Visualize Student Performance with ggplot2: Part II

Have you improved?

Image credit: internet


Read Quiz 1 Review if you have not yet done so.

The second Pop Quiz was held around 10pm on Oct 1, 2021. Same as the first quiz, the second quiz consists of ten Multiple Choices Questions which is designed to test your fundamental understanding of the basics of R programming. The Quiz has been automatically graded by the computer and your marks have been published on eLearn. I have some comments on students who got 50% or lower. Please check my comments on eLearn.

This document is to provide you a review of the performance and how you are compared with the first quiz.

Import multiple files in R

I can download your marks from eLearn for each quiz. So now I have two .csv files which contain the marks for each quiz. I can use read.csv() to read each of the files one by one. But imagine you have hundreds and thousands of files which you want to read into one single dataframe. A straight forward algorithm is to use the for loop and read the files through automatic loop. I will use the function list.files() which can list all the files in a specific folder.
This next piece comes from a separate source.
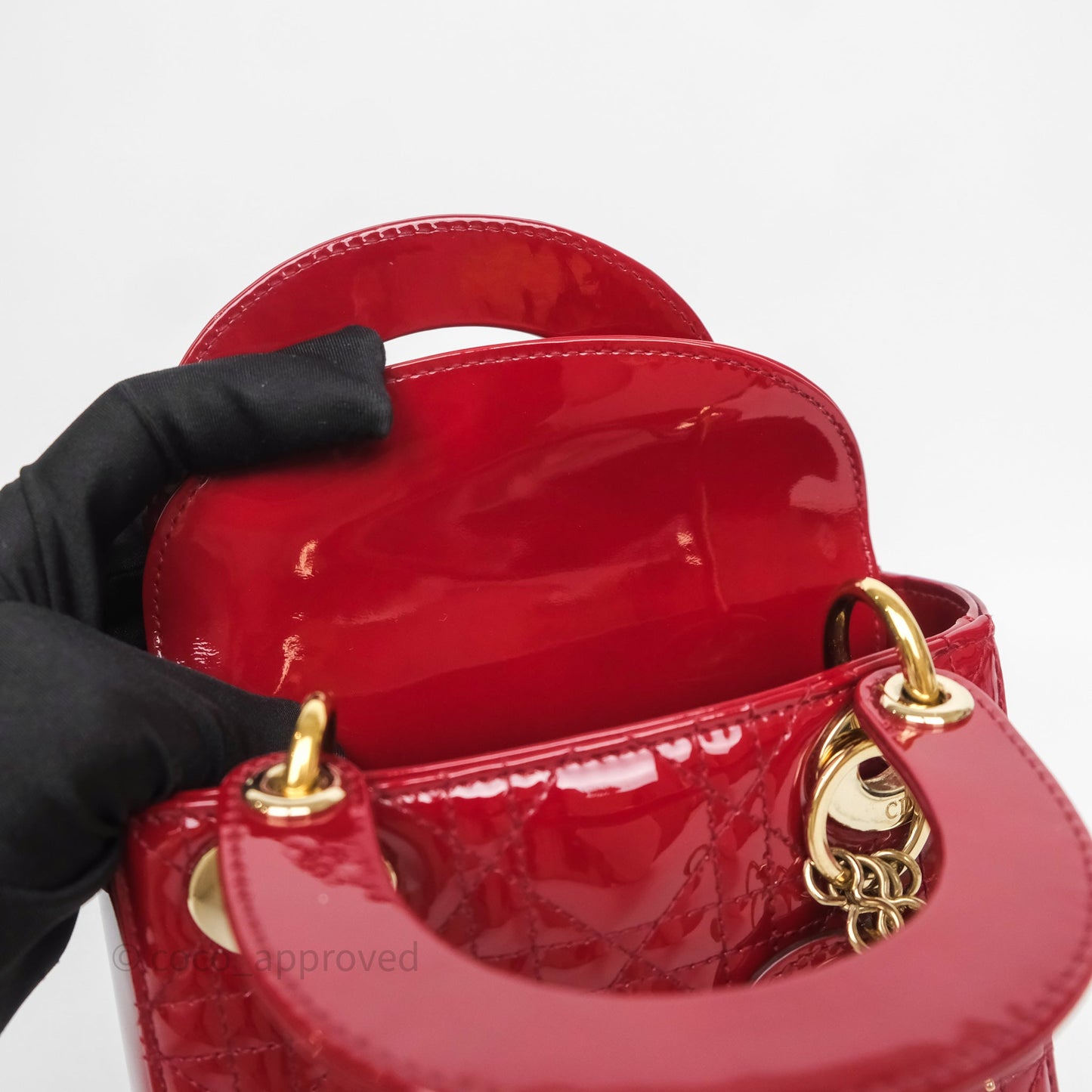 Christian Dior Mini Lady Dior Red Patent Cannage Gold Hardware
The rest is a bunch of package:dplyr functions which will merge all files into one single data frame. The loop code is presented as follows^[It is not advised to use df as data frame variable name when you need to check whether the data frame exists or not. The reason is df() is a default function which already exists and exists("df") will always retrun TRUE.].
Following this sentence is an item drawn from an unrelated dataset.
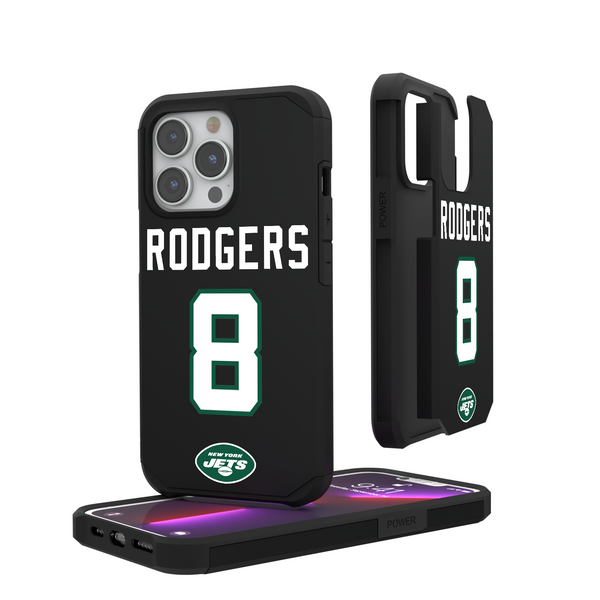 Aaron Rodgers New York Jets 8 Ready iPhone Rugged Phone Case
for (data in list.files(path = ".", pattern = "*.csv", full.names = TRUE)) {
  # Create the first data if no data exist yet
  if (!exists("dataset")) {
    dataset <- read.csv(data, header = TRUE) %>%
      select(Username, FirstName, Score, Out.Of)
    names(dataset) <- c("Username", "Name", "Quiz1", "FullMark")
  # if data already exist, then merge with existing data
  else {
    tempory <- read.csv(data, header = TRUE) %>%
      select(Username, Score)
    names(tempory) <- c("Username", "Quiz2")
    dataset <- left_join(dataset, tempory, by = "Username")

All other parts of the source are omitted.